The World Bank functions (get_wb_data, list_un_indicators with World Bank) require Python and the wbgapi package installed in a conda environment:

# Create conda environment
conda create -n your_env_name python=3.9
conda activate your_env_name
pip install wbgapi

Google Earth Engine and Copernicus Marine functions also use Python through reticulate. For Copernicus Marine, use Python >= 3.10 and install the Copernicus Marine Toolbox in the conda environment passed to conda_env. Copernicus Marine NetCDF files are read with terra::rast(). You can also install r-stars, r-ncdf4, and r-ncmeta to enable the optional fallback reader for NetCDF files that your local GDAL build cannot open through terra:

conda create -n marine_env python=3.10
conda activate marine_env
pip install copernicusmarine
mamba install -c conda-forge r-terra r-stars r-ncdf4 r-ncmeta

Quick Start

library(omniAPIr)

# View all available APIs
get_api_info()

# Discover indicators for UN data sources
who_indicators <- list_un_indicators("WHO")
ilo_unemployment <- list_un_indicators("ILO", search = "unemployment")

# Discover FAOSTAT metadata (use get_api_info for general info)
api_info <- get_api_info("FAOSTAT")

# Fetch data
cattle_data <- get_faostat_data(
  element = "2111",
  item = "cattle",
  database = "QCL",
  iso3 = "USA",
  mrv = 10
)

Available APIs

Use get_api_info() to view all available APIs and their documentation:

Discovering Indicators

For UN data sources (World Bank, UNSDG, UNDP, ILO, WHO), use list_un_indicators():

# List all WHO health indicators
who_indicators <- list_un_indicators("WHO")

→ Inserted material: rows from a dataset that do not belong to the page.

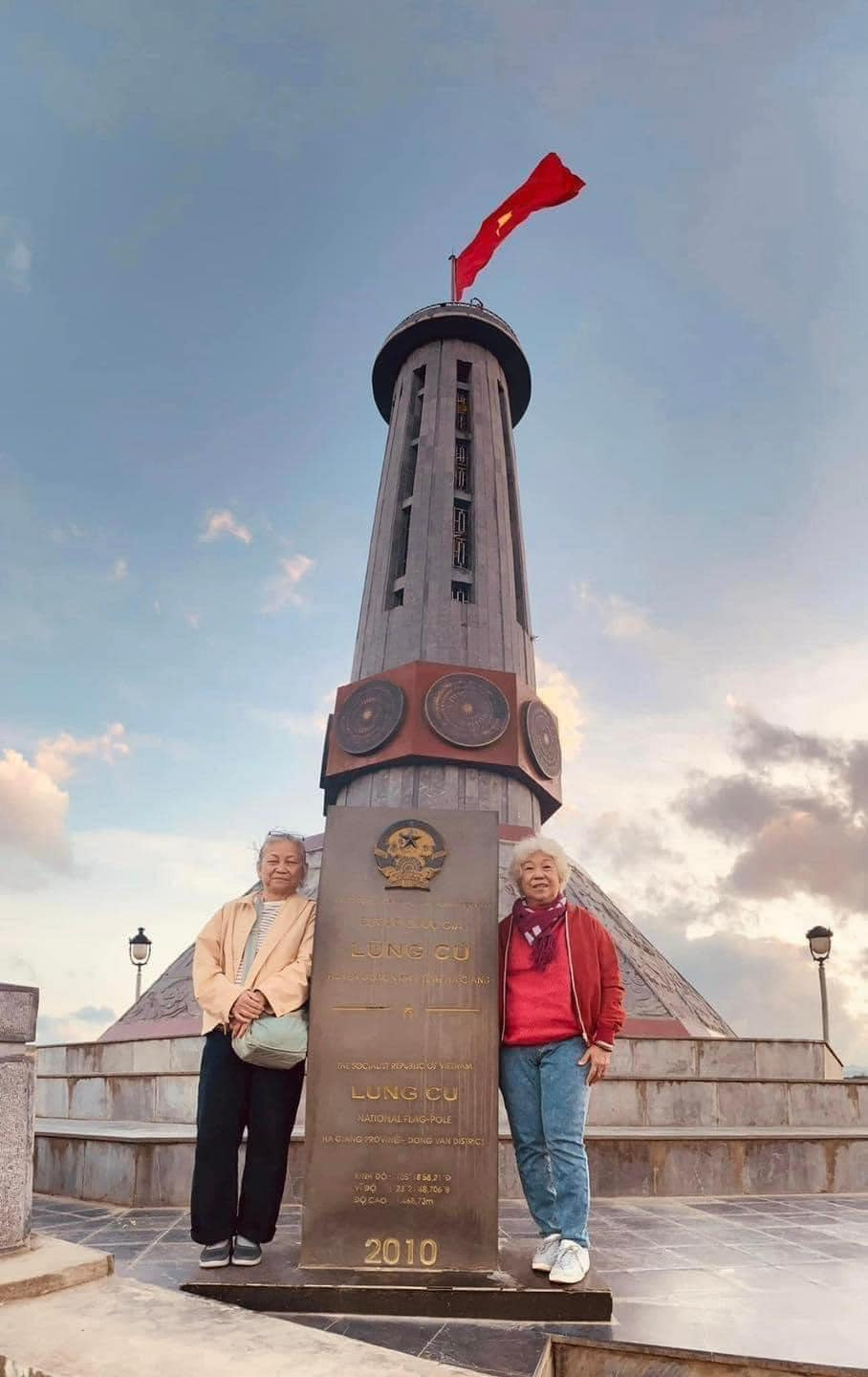 Tới nơi, đôi bạn phải leo gần 300 bậc thang để tới điểm chụp hình với cột cờ. Trong khi bà Lý có sức khỏe tốt hơn, chân đi thoăn thoắt thì bà Lá mệt nhoài, có lúc như kiệt sức, bước từng bước chậm chạp. Tuy nhiên đến lúc check-in, ai cũng giữ cho mình nụ cười tươi trên môi. (Ảnh: Nguyễn Đức Đông)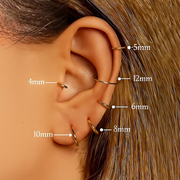 Size guide showing gold clicker hoops from 4mm to 12mm diameter worn across ear piercings on model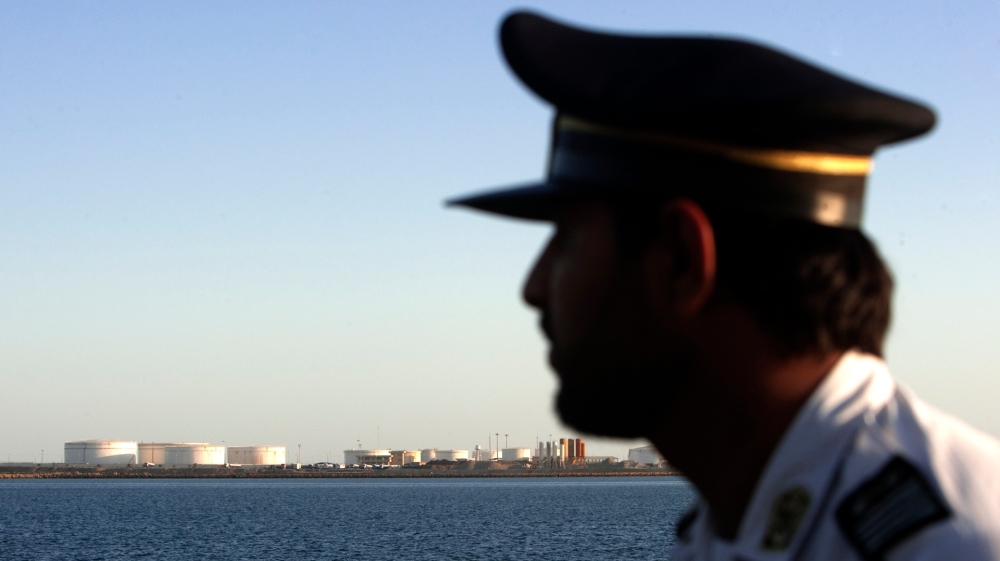 A security person looks on at oil docks at the Chabahar port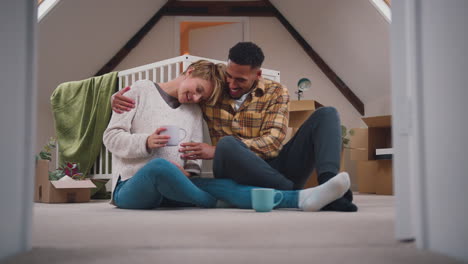 pareja esperando un bebé con bebidas calientes en la guardería de la nueva casa junto con la mudanza en cajas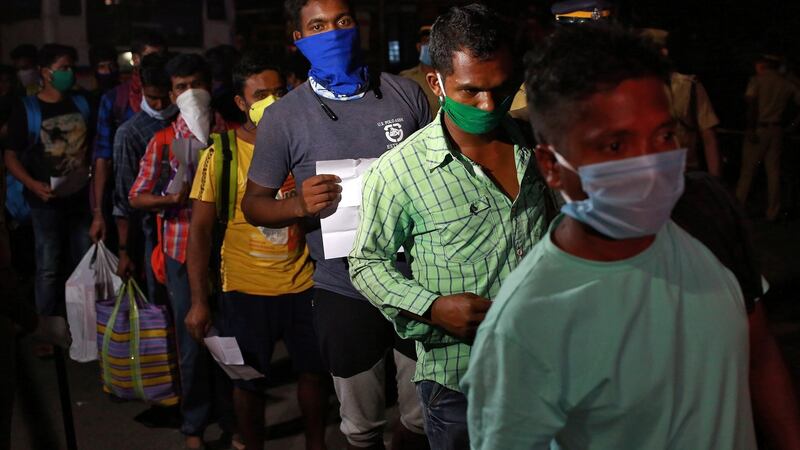 Migrant workers, who were stranded in the southern state of Kerala due to the lockdown imposed by the government, arrive at a railway station to leave for their home state of eastern Odisha, in Kochi, India. Photograph: Reuters/Sivaram V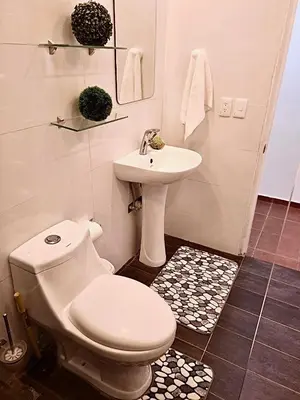 a bathroom with a white toilet and a sink at Escapade Apartments in Cabarete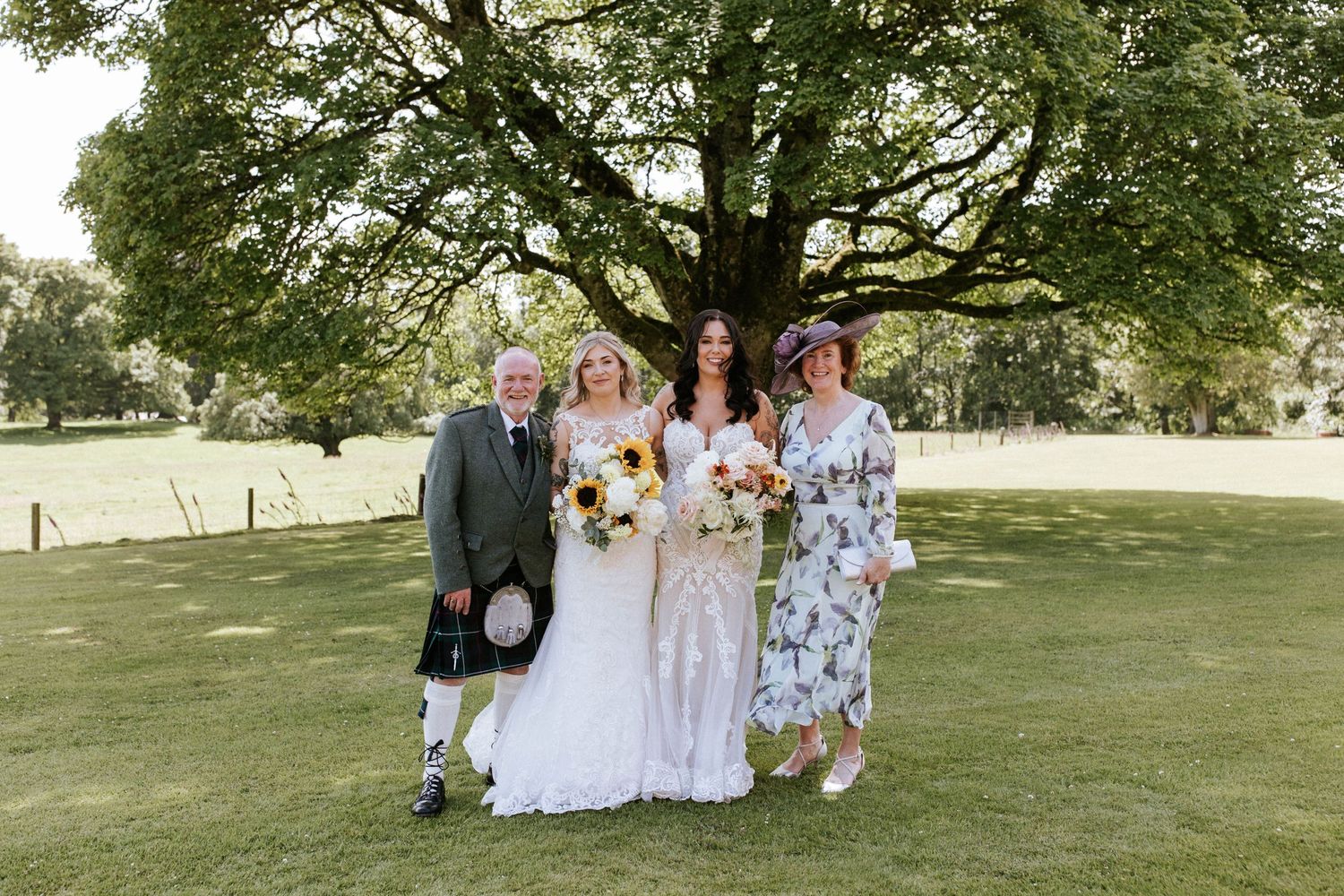 Wedding party and guests gather for outdoor group photos under a sprawling tree.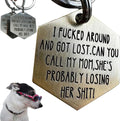 Generic funny dog tag front view showing engraved stainless steel pet ID text.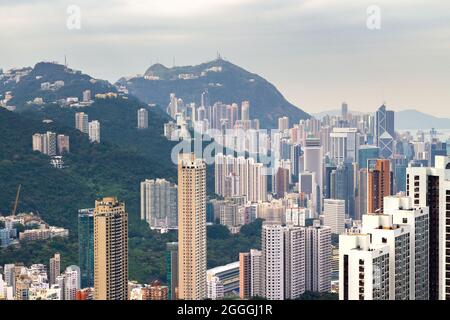 Hong Kong, China - View towards Central district, Victoria Peak and the mountains around from above Happy Valley Stock Photo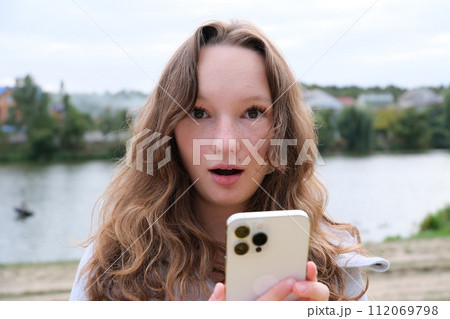 Young blonde woman using mobile phone with surprise facial expression. High quality photo Young blonde woman using mobile phone with surprise facial expression. High quality photo 112069798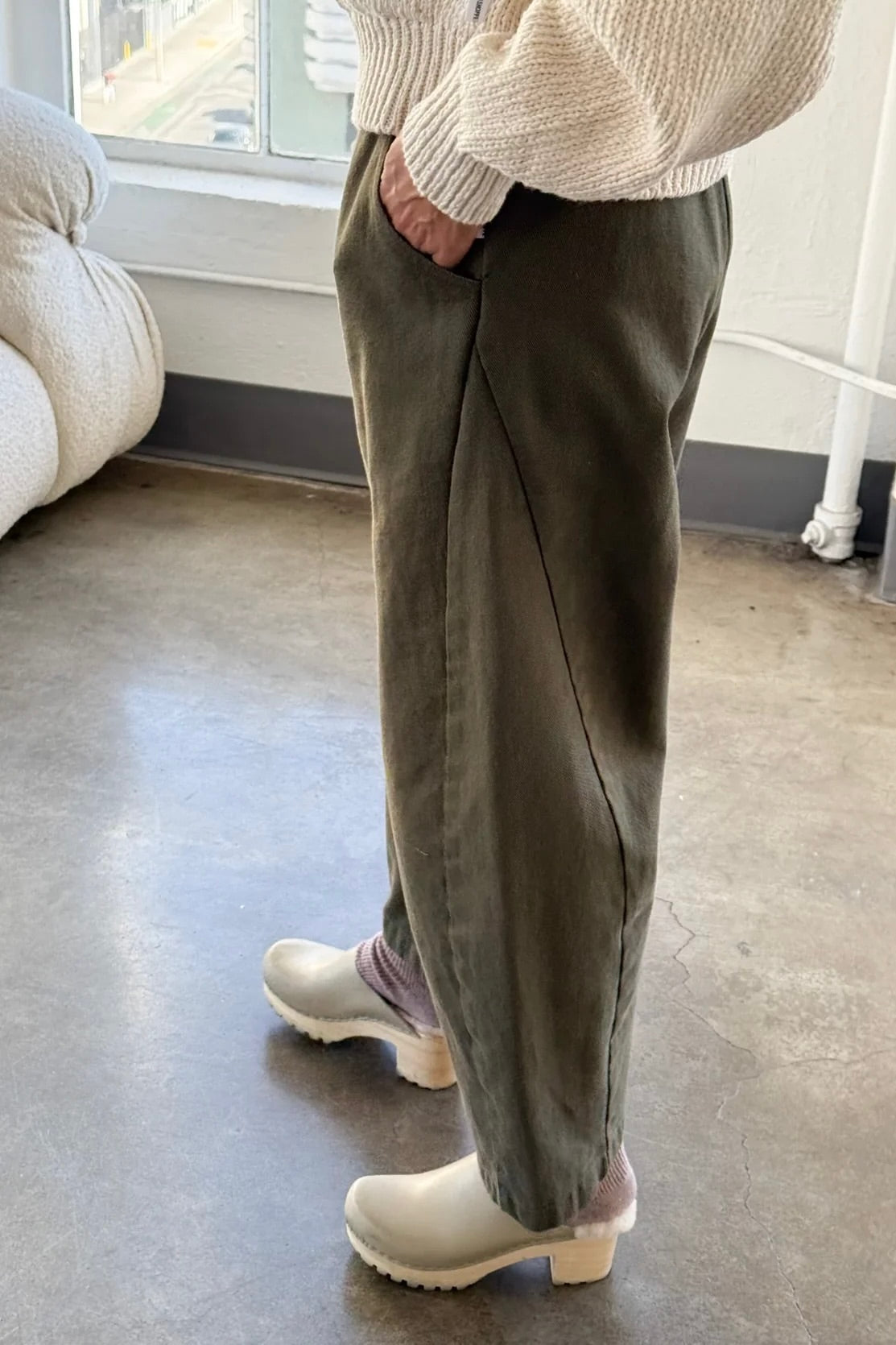 Side view of olive Arc Pants styled with a cream knit sweater and ivory clogs, highlighting the relaxed fit and curved leg silhouette.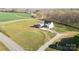An aerial view of a modern farmhouse-style home, surrounded by a large, green lawn and mature trees at 3907 E Lawyers Rd, Monroe, NC 28110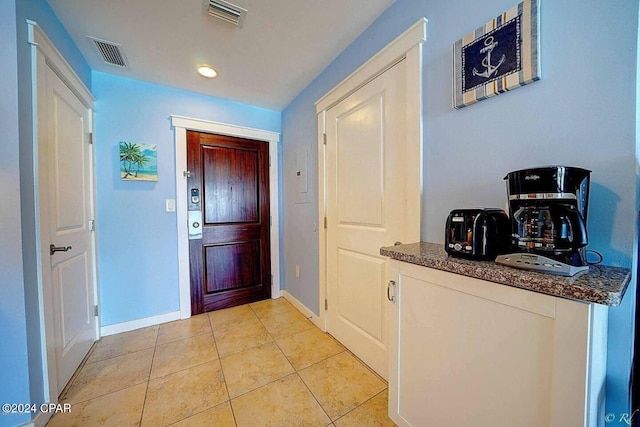 doorway featuring light tile patterned flooring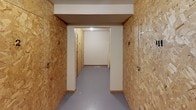 This single-floor storage facility is organized around a central corridor that provides access to a series of individually numbered storage lockers lining both sides of the hallway. The lockers are constructed from oriented strand board (OSB) panels, giving the space a utilitarian, no-frills aesthetic. Each unit is secured with its own latch hardware and is clearly numbered for easy identification, with unit numbers visible throughout the corridor.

# Search for specific indicators
unemployment_indicators <- list_un_indicators("ILO", search = "unemployment")

# List World Bank indicators (requires conda environment)
wb_indicators <- list_un_indicators("WorldBank", conda_env = "your_env_name")

# Search UN SDG indicators
education_sdg <- list_un_indicators("UNSDG", search = "education")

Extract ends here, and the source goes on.